You keep asking yourself will it get better someday? It will trust me. I know you’ll find that hard to believe, but I know exactly how you are feeling right now. Lost.
You have friends and yet you are questioning if they truly are your friends, wondering whether if you even want them as friends and if they want you. They do, but if they don’t, there are hundreds of thousands of people you have the possibility to one day interact with. More friends are out there for you to find.
You have no idea what you want to be, struggling to make the decision on what you want to study, where you want to work. But you’ll figure it out, hey, the job you want may not even exist yet. The one I want didn’t exist when I was your age.
You worry that because of you not knowing, you are destined to fail. You will make a mistake and chose the wrong subjects. Scared that you will be judged by your relatives, tutors and friends. Feel you aren’t putting in enough effort. You are not being judged, if you need the help, ask. That’s what friends, relatives and tutors are there for.
But still everything I’m saying isn’t enough, you are still sat in that tree. With your gown’s cord tied around your neck, the other end tied to a branch, all you have to do is lean forwards. And you did.
I don’t know what happened next, either the knot I tied was shitty or the branch broke. I just remember being on the floor still with the one end tied around my neck. I tugged it off and threw it into the nearby ditch and ran home.
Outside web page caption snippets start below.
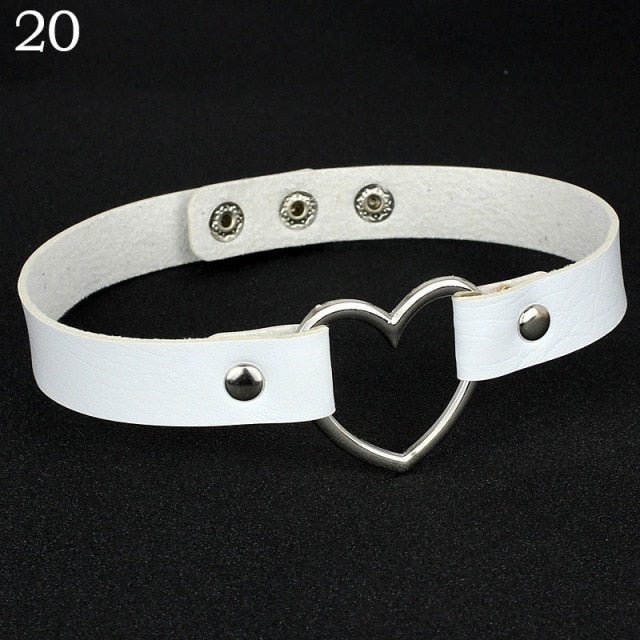 2020 Fashion PU Leather Heart Choker Necklace Women Chocker Necklaces Punk Statement Jewelry Collier Wedding Bride Jewelry Gift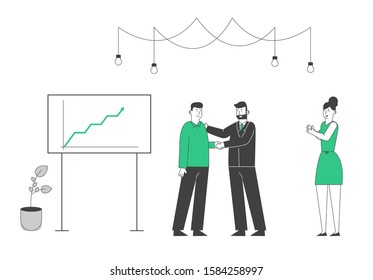 Satisfied Boss Shaking Hand to Businessman at Screen with Growing Graph. Businesspeople Celebrate Project Success Development and Reach Target in Office. Cartoon Flat Vector Illustration, Line Art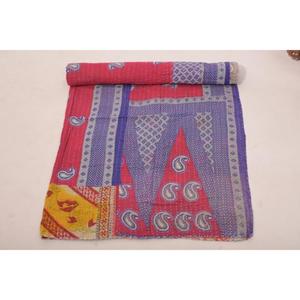 Indian Handmade Cotton Kantha Gudri Quilt Reversible Bedspread Decorative <b>Throw</b> Blanket for Bedroom - Product Image 2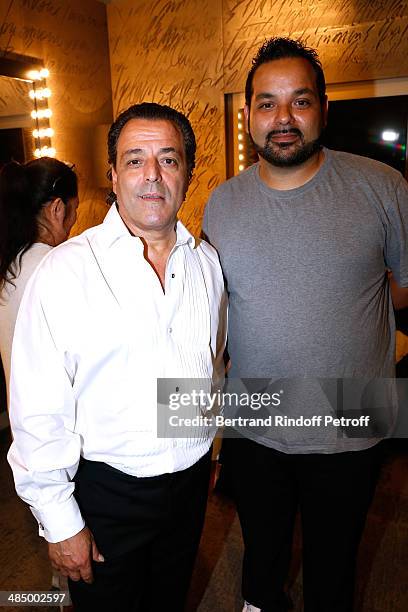 Chico and his son Tonino pose backstage after the Concert of 'Chico & The Gypsies' with 50 gypsy guitars at L'Olympia on April 14, 2014 in Paris,...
Now I realise, that everything did get better, and then it got bad again and then better again. That’s just what life is, but it’s the good bits that make it worth living. I sit here now, with the same worry of friends, worry if I’ll ever get my dream job, if I do disappoint people. But it doesn’t effect me how it used to. I think of the memories I could of missed, all of the people I know now I would never have the pleasure of knowing.
It wasn’t until five years after this I finally talked to someone. After what happened I rarely wore cords on dressing gowns as they reminded me. Often I threw them away. Getting asked by my parents why I lost them so often was difficult.
Once I finally talked to someone about it, I disappeared from the internet for awhile. When I came back, I briefly talked about depression and encouraged people to talk about it. Now again I encourage you talk about it.
This is the first time I’ve ever actually “said” what happened to anyone. I’ve tried before, but thinking about and talking at the same time isn’t something I could do. But those I talked to got the idea. They didn't need to know the details. They helped me. And the people you talk can help you too.
Don’t get to the point I got to, you might not be lucky with what happens next. Thank you for the amazing support I've received from not just friends and family, but from this community. I appreciate it every single day.